At least that’s what a new book implies. The book by Amy Sutherland, is titled “What Shamu Taught Me about Life, Love and Marriage”. A recent article on Newsweek.com had this to say about it;
Attention, frustrated wives: if you want your husband to start listening to you and stop leaving his socks on the floor, all you need is a little patience and a lot of mackerel. Such is the putative relationship advice of Amy Sutherland, a journalist who spent a year at an animal-trainer school and decided to apply the trainers’ techniques to her husband’s annoying habits. According to Sutherland, the key to marital bliss is to ignore negative habits and reward positive ones, the same approach animal trainers use to get killer whales to leap from their tanks and elephants to stand on their heads.
Sutherland says she practiced the “Least Reinforcing Scenario” with her husband when he fell back into his everyday habit of stomping around when he couldn’t find his keys. Basically, the least reinforcing scenario employs planned ignoring, meaning in this case she didn’t offer her help to find the keys.

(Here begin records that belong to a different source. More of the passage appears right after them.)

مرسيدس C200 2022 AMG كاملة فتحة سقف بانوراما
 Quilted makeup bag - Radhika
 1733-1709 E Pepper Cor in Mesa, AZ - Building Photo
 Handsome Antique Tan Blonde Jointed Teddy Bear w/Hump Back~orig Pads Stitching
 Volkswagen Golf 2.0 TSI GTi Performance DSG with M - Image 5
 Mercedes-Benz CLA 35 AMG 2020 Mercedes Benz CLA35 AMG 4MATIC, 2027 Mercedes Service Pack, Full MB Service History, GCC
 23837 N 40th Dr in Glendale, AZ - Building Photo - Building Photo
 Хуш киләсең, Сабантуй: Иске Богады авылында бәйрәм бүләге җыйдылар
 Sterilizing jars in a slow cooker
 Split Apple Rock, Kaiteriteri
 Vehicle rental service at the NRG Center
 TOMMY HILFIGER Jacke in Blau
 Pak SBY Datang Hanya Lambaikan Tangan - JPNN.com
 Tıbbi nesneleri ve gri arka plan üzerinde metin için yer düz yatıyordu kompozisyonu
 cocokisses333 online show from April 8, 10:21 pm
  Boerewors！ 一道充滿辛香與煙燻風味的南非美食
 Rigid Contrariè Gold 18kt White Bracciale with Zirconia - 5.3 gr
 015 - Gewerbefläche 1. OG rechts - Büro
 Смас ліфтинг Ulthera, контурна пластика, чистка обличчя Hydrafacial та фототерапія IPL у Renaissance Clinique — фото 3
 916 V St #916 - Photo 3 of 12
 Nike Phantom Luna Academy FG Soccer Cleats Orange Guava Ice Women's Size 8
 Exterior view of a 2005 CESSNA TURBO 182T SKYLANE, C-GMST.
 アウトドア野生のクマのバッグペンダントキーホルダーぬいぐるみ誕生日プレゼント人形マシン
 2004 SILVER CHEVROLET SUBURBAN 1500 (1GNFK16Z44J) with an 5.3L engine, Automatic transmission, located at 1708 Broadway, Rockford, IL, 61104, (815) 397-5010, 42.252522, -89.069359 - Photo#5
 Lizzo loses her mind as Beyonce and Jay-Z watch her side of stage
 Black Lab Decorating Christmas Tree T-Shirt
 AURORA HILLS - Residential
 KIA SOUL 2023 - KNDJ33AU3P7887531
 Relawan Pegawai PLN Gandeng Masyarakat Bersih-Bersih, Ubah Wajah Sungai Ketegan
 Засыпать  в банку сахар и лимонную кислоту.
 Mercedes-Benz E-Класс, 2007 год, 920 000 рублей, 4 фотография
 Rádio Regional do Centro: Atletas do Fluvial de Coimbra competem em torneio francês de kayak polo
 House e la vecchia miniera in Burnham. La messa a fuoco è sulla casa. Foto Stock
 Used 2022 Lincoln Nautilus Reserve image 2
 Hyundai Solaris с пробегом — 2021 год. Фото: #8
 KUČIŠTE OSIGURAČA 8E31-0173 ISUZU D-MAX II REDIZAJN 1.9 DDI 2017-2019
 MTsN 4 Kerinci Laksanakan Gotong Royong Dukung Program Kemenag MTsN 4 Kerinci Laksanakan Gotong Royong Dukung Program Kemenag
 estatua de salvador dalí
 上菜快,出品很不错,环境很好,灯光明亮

She also admits to putting out snacks at the other end of the kitchen in order to keep her husband from “hovering” around while she is cooking, a technique she refers to as “incompatible behaviors”.
While Sutherland believes that the techniques can work for those little annoyances in a marriage, she also said that she’s doubtful these methods will work with serious marital problems such as “lack of communication or sexual incompatibility”.
I’m pretty sure most women have a good grasp of some of these techniques, we just don’t refer to them as animal training methods. However, if you want to brush-up, you can pick up a copy here. Just don’t let you man find it, lest the ‘fur may fly’.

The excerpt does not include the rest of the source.